- [Activity]:
In the entries that follow, the lines from the line containing "This is a brand" up to and including the line containing "At number one, the" must be copied exactly, with pictures omitted.

- [Supplied entries]:
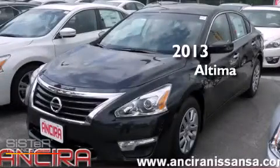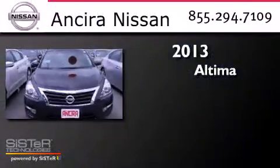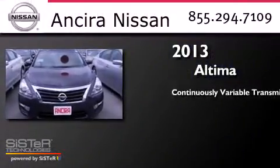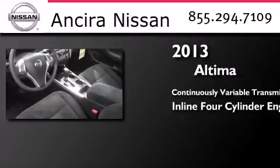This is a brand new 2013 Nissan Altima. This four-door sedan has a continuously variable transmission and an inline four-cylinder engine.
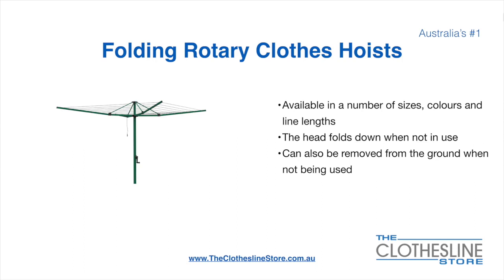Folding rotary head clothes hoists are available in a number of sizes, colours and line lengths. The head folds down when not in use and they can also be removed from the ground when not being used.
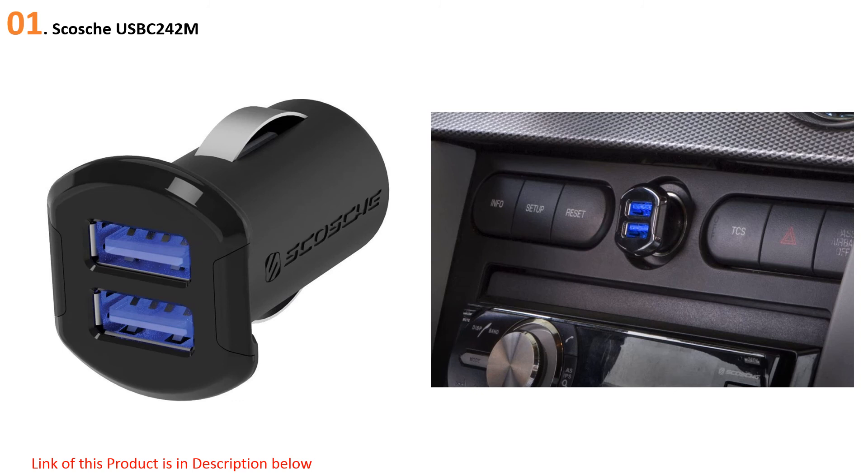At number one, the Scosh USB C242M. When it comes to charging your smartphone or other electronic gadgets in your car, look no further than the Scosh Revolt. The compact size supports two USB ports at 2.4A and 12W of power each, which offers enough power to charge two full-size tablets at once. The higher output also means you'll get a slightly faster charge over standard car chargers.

* * *

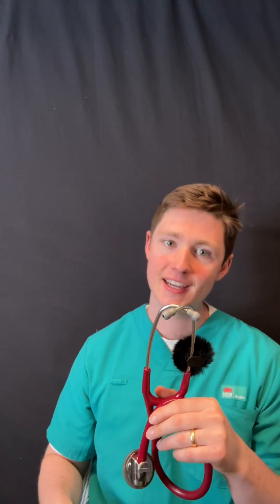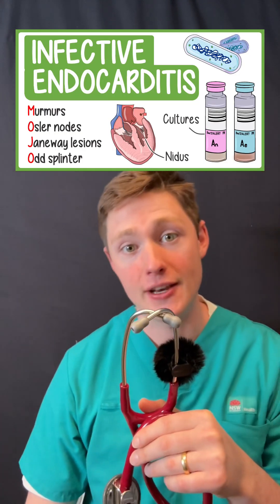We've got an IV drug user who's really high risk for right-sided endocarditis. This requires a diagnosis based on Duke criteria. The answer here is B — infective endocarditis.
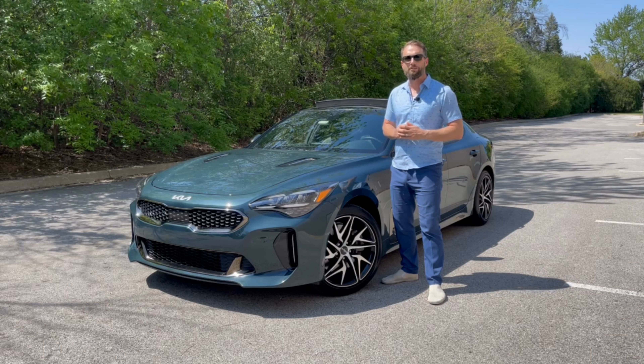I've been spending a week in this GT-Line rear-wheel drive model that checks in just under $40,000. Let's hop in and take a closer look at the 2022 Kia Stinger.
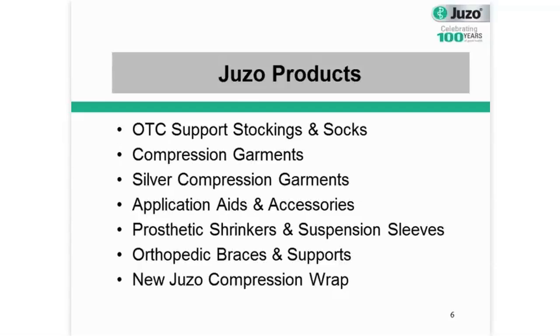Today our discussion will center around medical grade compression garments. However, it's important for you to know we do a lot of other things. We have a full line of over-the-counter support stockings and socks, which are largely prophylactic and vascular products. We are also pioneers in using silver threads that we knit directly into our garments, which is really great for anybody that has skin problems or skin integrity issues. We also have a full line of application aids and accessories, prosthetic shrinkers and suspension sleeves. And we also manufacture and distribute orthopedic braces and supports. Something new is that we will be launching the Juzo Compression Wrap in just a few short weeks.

- [Exercise response]:
This is a brand new 2013 Nissan Altima. This four-door sedan has a continuously variable transmission and an inline four-cylinder engine.
Folding rotary head clothes hoists are available in a number of sizes, colours and line lengths. The head folds down when not in use and they can also be removed from the ground when not being used.
At number one, the Scosh USB C242M. When it comes to charging your smartphone or other electronic gadgets in your car, look no further than the Scosh Revolt. The compact size supports two USB ports at 2.4A and 12W of power each, which offers enough power to charge two full-size tablets at once. The higher output also means you'll get a slightly faster charge over standard car chargers.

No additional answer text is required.